Trevor Law Group
- Type: Private
- Industry: Legal services
- Founder: Trevor M. Law
- Defunct: 2003
- Fate: Dissolved
- Headquarters: Beverly Hills, California, U.S.
- Key people: Trevor M. Law

= Trevor Law Group =

American law firm

The Trevor Law Group was a Beverly Hills law firm that became the subject of legal and disciplinary proceedings following the useof California's Unfair Competition Law (Business and Professions Code section 17200) in lawsuits against thousands of small businesses.

In 2003, it was alleged that The Trevor Group engaged in a form of extortion by attempting to sue thousands of businesses for violating a now-defunct provision of the Business & Professions Code, then offering to settle for a few thousand dollars per settlement.

The proceedings surrounding the Trevor Law Group were reported in national and California media and contributed to broader public debate regarding the use of California's unfair competition statutes.

== Extortion allegations and investigation ==
In 2003, California Attorney General Bill Lockyer filed a civil suit that alleged improper use of the statute to obtain settlements from businesses who had been accused of technical violations of the Business & Professions Code.

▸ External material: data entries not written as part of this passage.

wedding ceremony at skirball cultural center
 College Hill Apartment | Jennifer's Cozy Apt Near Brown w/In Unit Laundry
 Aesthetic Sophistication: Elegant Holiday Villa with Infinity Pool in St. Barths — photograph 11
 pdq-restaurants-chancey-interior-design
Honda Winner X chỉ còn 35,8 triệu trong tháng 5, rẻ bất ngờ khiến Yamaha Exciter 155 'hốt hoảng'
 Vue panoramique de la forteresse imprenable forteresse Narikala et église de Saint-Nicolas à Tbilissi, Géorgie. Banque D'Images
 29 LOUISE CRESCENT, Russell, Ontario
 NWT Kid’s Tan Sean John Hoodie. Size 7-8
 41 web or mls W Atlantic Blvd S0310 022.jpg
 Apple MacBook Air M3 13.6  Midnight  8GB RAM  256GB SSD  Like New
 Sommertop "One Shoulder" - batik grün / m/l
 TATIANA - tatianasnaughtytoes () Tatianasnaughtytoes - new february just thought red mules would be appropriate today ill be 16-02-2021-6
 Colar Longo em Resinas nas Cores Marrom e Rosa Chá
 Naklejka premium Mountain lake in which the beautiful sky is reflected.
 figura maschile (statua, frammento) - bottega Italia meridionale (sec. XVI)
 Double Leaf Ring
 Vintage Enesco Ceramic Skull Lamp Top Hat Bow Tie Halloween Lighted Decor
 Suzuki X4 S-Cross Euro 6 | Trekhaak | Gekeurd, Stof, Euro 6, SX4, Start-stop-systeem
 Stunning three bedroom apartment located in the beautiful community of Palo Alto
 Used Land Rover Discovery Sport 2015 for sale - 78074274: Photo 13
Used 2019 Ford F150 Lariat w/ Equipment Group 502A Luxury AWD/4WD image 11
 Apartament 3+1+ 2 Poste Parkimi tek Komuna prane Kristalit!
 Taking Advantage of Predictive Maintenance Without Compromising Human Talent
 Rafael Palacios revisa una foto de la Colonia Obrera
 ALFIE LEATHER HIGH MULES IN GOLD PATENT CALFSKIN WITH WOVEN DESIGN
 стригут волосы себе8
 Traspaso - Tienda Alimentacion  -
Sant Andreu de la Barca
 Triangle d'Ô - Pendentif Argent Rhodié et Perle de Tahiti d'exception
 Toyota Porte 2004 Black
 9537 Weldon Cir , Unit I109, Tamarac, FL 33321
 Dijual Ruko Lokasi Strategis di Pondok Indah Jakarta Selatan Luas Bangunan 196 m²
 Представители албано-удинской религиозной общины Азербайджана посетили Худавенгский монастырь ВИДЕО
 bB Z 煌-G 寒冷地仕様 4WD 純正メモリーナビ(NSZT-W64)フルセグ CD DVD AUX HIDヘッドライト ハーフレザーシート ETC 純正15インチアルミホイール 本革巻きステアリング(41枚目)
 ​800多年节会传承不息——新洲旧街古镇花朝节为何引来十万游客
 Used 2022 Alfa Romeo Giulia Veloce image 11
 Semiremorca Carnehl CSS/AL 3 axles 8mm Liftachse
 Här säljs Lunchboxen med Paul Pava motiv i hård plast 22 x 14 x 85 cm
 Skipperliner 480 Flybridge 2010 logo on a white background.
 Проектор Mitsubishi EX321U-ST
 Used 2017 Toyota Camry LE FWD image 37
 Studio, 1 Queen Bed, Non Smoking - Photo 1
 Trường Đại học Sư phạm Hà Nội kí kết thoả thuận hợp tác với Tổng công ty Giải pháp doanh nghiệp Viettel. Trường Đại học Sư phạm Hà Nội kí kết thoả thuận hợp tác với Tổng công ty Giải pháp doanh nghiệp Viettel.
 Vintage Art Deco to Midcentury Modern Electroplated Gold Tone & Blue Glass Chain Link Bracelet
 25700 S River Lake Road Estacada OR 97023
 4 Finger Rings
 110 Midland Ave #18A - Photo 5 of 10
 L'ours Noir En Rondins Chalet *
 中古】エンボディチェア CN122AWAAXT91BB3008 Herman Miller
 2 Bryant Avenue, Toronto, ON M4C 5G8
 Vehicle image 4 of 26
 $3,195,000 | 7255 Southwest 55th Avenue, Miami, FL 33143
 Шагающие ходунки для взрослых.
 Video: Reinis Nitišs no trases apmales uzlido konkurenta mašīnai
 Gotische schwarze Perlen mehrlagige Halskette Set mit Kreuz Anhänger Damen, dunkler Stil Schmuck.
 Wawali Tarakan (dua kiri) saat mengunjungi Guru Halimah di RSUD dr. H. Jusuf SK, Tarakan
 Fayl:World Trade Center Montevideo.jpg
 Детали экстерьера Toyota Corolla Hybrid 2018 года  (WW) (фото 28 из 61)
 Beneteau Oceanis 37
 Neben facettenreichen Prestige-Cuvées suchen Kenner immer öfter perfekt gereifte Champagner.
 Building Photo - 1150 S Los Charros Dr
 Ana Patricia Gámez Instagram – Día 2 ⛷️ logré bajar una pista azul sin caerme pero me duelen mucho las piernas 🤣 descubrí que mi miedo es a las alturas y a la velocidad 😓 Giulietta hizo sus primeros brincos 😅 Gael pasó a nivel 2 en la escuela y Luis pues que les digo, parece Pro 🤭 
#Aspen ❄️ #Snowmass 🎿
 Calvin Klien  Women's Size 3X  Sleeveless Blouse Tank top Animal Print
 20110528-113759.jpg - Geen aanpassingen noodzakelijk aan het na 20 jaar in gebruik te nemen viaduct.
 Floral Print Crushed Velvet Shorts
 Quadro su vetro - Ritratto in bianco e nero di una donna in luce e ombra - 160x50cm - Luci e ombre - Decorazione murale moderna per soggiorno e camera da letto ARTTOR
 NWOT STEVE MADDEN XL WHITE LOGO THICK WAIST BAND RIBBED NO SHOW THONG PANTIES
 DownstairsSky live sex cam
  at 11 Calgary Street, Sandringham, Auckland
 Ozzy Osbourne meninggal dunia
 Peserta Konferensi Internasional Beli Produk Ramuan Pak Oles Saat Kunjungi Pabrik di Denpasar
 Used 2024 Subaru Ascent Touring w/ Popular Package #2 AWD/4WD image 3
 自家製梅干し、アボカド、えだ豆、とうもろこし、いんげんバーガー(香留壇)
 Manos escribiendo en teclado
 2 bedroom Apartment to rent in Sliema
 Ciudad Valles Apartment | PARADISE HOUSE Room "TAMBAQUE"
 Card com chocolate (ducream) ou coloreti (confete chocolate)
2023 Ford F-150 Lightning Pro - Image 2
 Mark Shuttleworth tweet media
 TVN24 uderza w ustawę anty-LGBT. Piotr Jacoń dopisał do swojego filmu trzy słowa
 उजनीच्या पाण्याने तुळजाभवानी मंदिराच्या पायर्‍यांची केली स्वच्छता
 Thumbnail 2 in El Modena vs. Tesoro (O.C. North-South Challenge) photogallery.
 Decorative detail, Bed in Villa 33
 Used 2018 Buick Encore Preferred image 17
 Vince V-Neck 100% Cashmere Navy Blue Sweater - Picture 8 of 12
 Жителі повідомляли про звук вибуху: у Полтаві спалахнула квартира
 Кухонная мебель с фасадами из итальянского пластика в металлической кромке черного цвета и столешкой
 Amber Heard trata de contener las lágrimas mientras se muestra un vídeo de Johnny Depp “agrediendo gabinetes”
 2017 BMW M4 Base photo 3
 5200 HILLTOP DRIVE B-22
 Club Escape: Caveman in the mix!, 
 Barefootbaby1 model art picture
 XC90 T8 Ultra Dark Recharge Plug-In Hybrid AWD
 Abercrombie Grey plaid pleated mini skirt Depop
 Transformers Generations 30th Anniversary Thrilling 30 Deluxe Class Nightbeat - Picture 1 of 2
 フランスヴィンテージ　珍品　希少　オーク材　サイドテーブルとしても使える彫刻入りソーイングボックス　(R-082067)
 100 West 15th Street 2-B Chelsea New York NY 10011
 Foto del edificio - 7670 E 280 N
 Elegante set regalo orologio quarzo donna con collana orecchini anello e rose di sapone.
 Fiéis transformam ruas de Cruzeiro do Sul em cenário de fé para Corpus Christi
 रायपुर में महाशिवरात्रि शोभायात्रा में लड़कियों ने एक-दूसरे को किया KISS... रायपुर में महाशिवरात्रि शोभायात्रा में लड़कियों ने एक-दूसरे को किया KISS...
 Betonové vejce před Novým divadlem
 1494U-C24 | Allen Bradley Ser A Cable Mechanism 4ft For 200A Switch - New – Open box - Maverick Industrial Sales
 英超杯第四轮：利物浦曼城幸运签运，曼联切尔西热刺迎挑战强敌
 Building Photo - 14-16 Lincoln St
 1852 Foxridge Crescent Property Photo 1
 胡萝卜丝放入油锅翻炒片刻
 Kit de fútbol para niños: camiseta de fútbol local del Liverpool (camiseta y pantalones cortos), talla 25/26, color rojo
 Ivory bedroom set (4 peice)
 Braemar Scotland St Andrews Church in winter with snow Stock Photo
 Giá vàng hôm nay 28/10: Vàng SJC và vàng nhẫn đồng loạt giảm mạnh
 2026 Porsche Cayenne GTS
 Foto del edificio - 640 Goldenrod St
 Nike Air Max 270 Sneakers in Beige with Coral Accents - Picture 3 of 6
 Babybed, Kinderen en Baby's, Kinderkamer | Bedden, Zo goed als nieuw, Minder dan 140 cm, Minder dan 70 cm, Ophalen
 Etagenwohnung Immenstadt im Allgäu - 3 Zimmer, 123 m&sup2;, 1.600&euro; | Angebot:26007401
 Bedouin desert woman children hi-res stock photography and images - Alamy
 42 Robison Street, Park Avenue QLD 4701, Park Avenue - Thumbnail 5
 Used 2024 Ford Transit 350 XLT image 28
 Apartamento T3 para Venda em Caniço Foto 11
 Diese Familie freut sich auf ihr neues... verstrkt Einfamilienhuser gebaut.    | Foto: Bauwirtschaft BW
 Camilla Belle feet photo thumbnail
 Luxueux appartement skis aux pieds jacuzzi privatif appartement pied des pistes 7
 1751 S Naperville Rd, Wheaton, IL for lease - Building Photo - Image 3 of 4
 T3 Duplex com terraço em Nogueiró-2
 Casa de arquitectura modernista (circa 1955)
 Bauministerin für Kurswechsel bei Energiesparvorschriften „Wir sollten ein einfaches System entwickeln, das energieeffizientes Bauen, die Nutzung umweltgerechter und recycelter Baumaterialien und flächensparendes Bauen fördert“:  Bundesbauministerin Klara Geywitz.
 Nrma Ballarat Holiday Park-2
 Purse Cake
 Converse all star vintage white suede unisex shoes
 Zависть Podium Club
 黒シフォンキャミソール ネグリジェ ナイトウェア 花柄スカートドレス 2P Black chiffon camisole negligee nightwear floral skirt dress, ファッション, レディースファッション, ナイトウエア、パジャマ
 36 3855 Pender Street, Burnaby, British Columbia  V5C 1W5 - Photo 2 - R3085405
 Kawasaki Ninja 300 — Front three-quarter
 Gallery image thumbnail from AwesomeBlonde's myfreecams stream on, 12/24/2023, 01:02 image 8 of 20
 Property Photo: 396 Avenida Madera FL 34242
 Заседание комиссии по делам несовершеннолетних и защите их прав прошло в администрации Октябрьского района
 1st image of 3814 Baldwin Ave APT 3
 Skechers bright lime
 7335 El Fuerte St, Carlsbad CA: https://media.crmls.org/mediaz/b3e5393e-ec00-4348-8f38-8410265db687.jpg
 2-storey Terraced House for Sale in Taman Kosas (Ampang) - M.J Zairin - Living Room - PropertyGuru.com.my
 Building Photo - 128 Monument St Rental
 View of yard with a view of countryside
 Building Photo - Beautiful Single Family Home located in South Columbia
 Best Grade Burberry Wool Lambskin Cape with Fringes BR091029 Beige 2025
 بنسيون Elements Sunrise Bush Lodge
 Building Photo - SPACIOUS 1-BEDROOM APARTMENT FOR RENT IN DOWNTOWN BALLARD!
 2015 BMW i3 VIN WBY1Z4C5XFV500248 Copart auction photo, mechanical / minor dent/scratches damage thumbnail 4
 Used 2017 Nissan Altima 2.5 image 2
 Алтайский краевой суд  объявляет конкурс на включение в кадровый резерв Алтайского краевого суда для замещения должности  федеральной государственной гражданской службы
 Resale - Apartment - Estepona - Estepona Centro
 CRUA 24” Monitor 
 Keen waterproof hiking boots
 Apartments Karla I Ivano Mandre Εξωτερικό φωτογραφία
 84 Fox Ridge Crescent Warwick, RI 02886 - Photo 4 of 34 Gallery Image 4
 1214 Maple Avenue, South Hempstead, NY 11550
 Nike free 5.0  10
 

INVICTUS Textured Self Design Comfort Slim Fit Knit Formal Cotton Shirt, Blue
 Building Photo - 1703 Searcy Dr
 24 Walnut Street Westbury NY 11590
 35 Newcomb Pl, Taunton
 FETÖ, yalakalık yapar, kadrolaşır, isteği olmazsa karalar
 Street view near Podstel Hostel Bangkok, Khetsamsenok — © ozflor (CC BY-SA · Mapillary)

The firm's activities were also investigated by the State Bar of California, which resulted in disciplinary proceedings against attorneys associated with the firm. The investigation was the largest in the history of the State Bar of California, and three principals of the firm were recommended for disbarment They subsequently resigned from their practice.

=== Legal context ===
At the time of the allegations, California's Unfair Competition Law permitted private entities to seek relief against businesses alleged to be violating state laws and regulations if the private entities were doing so in the public interest. The statute was used by private attorneys and organizations in the late 1990s through the early 2000s to pursue actions involving consumer protection and regulatory compliance.

=== Impact ===
The Trevor Law Group's litigation practices became a debate topic regarding appropriate use of the statute. Some critics suggested that some actions sought settlements from businesses facing minor or technical violations, while supporters of private enforcement maintained that the statute served an important role in supplementing government enforcement efforts.